The Danish Energy Agency has announced that it would draw lots to pick the winner of the Thor offshore wind tender, a 1 GW zone off the Western coast of Denmark. Surely we can agree that this is not how a well designed tender should be decided? Beyond the frustration for the losing bidders, who are not selected despite preparing fully compliant and competitive bids, it appears obvious that the competitive pressure was not applied in a way such that there would be only on clear winner, and that means that the result is sub-optimal from the perspective of the ratepayers and/or taxpayers.
The Danish system involves a positive price premium paid to the project in addition to the sale of power to the wholesale market, but imposes a minimum (effectively of zero) for such premium, which all bidders ended up proposing because they all knew that this was their only chance to win the project - because others would also bid that, and indeed they all did.
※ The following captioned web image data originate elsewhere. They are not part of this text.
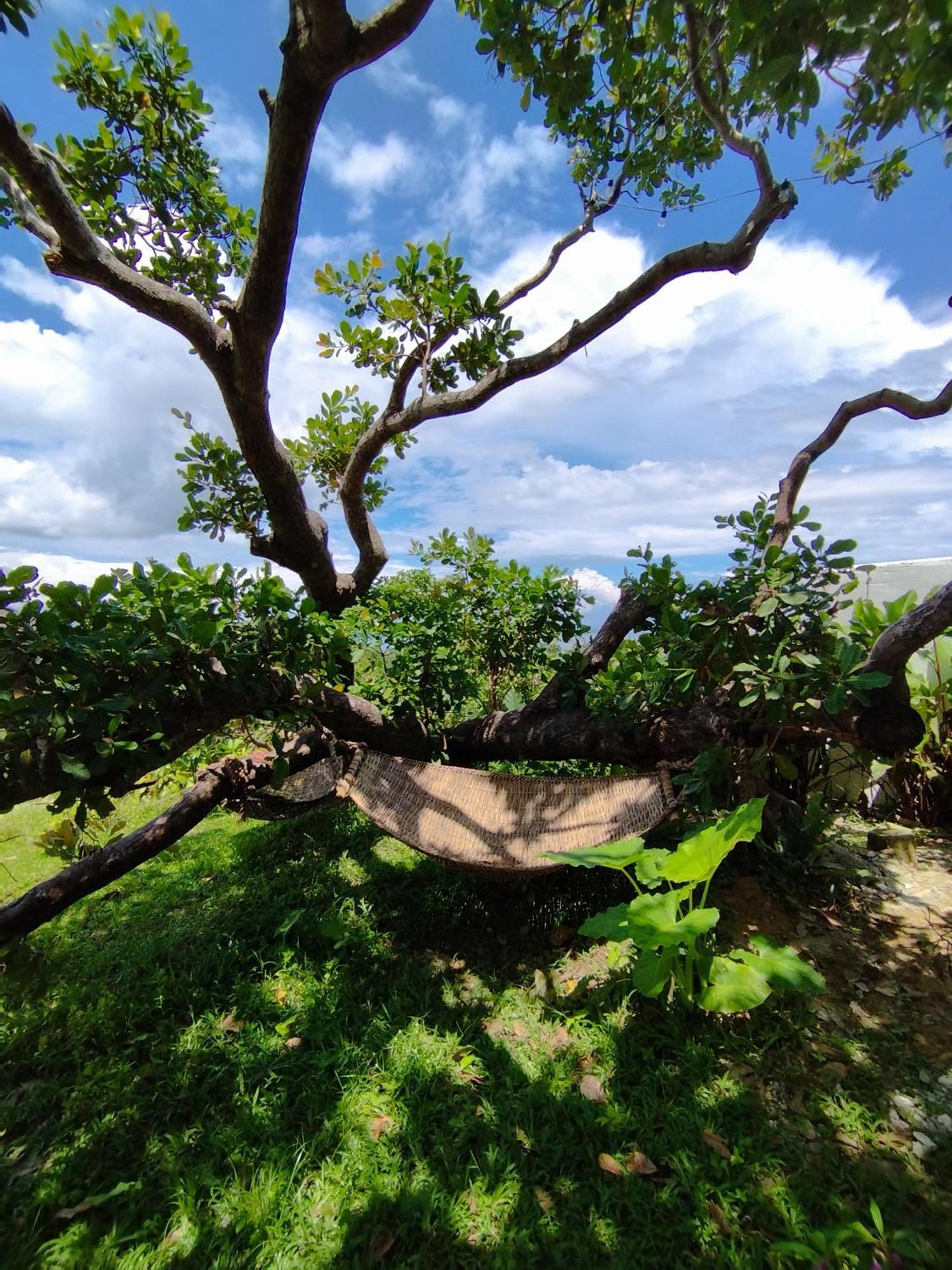 Ocean Green Eco Lodge Puerto Princesa ภายนอก รูปภาพ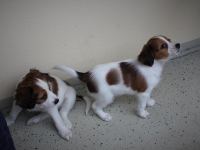 Nella, Tarlatan Avenella Flexuosa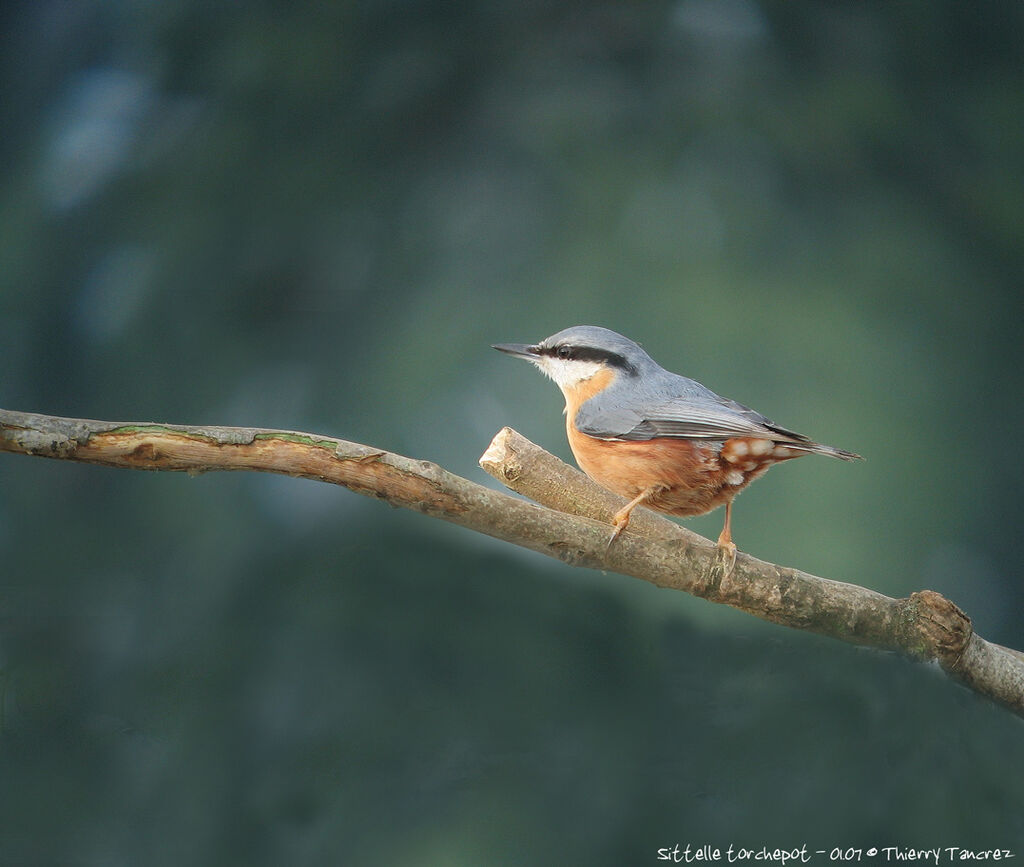 Eurasian Nuthatch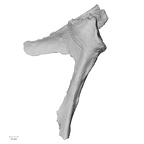 Pav1-46 Homo sapiens scapula left anterior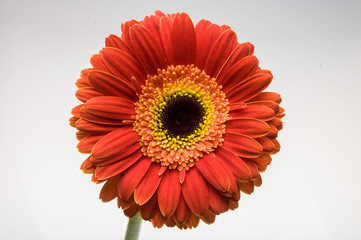 Flower of gerber daisy collection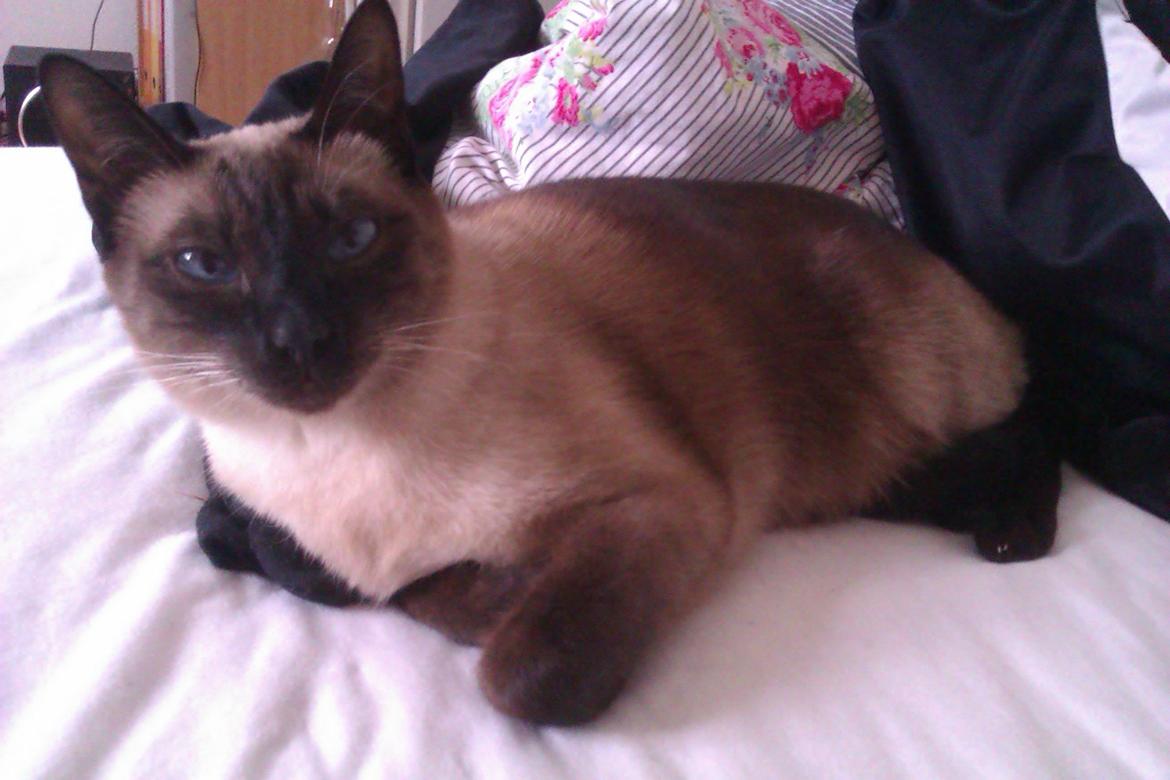 Siameser Jessie Dimarli - Hyggemis billede 13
One simple way to avoid the problem would have been to allow negative premiums, which would have then made it possible for an undisputed winner to emerge. This was the logic behind the "secondary payments" discussed last year in the context of the German auctions, which would have allowed to distinguish between competitors that all went for zero bids. The advantage of allowing both negative and positive premiums is that bidders would have bid the number they were actually confortable with (including possibly positive numbers) rather than the zero number de facto imposed by the auction design. This would be better than the German system, which first imposed the zero bid, and then imposed a further payment by bidders, and better than the current Danish system, which got stuck at the zero bid.
The key conclusion here is that asymmetrical price formulas should be avoided. Any CfD (contract for difference) or tariff that acts only as a floor on the amount potentially paid to bidders will inevitably end up with zero bids and fully merchant projects. Governments may think that this is a great outcome, as they get projects built at no apparent cost to taxpayers (which, as an aside, is not true as development costs are not taken into account and even less true if the grid connection is paid by the grid rather than by projects), but (i) it is not so great from an energy policy perspective, as discussed below, and (ii) it prevents the most competitive bids from actually being selected.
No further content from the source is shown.